Following Isabella’s death, a battle began between Ferdinand and Philip for control of Castile. Juana was legally queen, but Philip its king de jure uxoris.  With a foreigner now in control of Castile, there was always the possibility that Castile and Aragon would separate again. The eventual unification of Spain was not inevitable.

Ferdinand and Philip were rivals, but they had a common interest in preventing Juana from exercising her powers as queen. They claimed that her ‘infirmities and sufferings’ made her unfit to reign. However, Castile was saved from foreign dominance by the death of Philip in September 1506. His death seems to have tipped Juana, always emotionally fragile, into mental unbalance. She refused to be separated from his cadaver and carried his coffin round with her for years. 

However, she still seemed a valuable marriage prize and the widowed Henry VII put considerable effort into pursuing her. But she lost her value in the royal marriage market when, in 1507, Ferdinand forced her to hand over the government of Castile to him. In 1509 she was confined in a convent. Ferdinand died in January 1516 and his grandson Charles of Habsburg inherited Aragon. In November 1517 he secured from his mother her consent to have him rule Castile as her co-ruler. Juana was confined for the rest of her life in the convent of Santa Clara in Tordesillas.  

However, this did not mean that her claim was dead. In 1520 the Castilians revolted against the rule of a foreigner and attempted to make Juana the acting head of state. Charles had to go to Spain in person in order to put it down.

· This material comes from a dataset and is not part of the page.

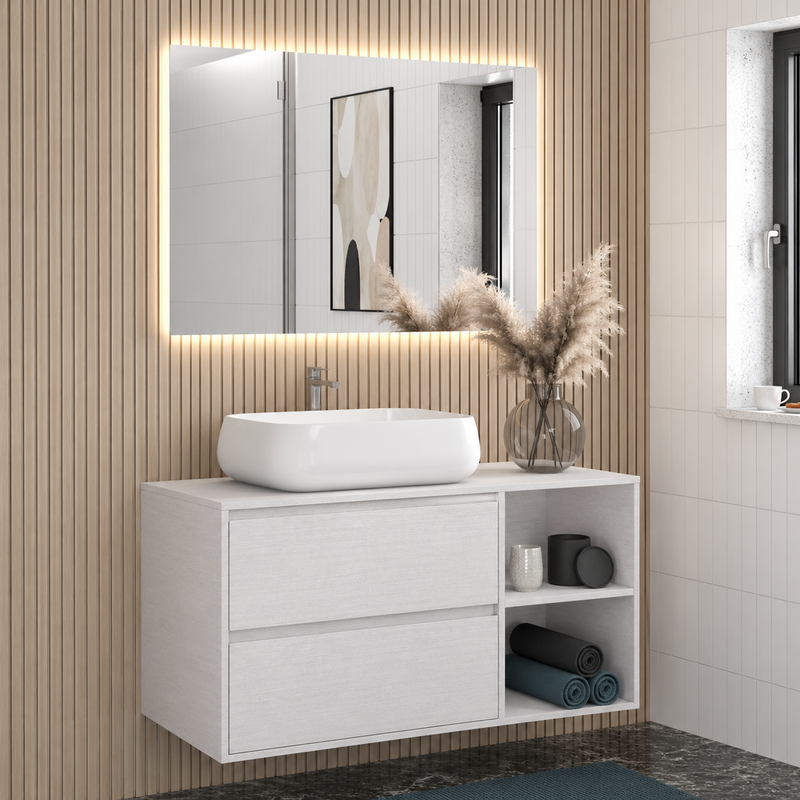 Mobile bagno sospeso Ginevra 90 cm con lavabo appoggio e specchio LED - Bianco Frassino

Juana died in 1555, still the nominal Queen of Castile. She was the last surviving child of Ferdinand and Isabella, and perhaps the most tragic.


Conclusion


  1. Juana was a queen in her own right and produced two male heirs (Charles and Ferdinand), a daughter, Eleanor, who married François I, and another daughter, Mary, who in 1521 became Queen of Hungary and later governor of the Netherlands. 
  2. But she never enjoyed her mother’s political successes. She was brought down by her mental problems and by the ambitions of her male relatives. 
  3. Her sister, Catherine, met a different, but equally tragic fate.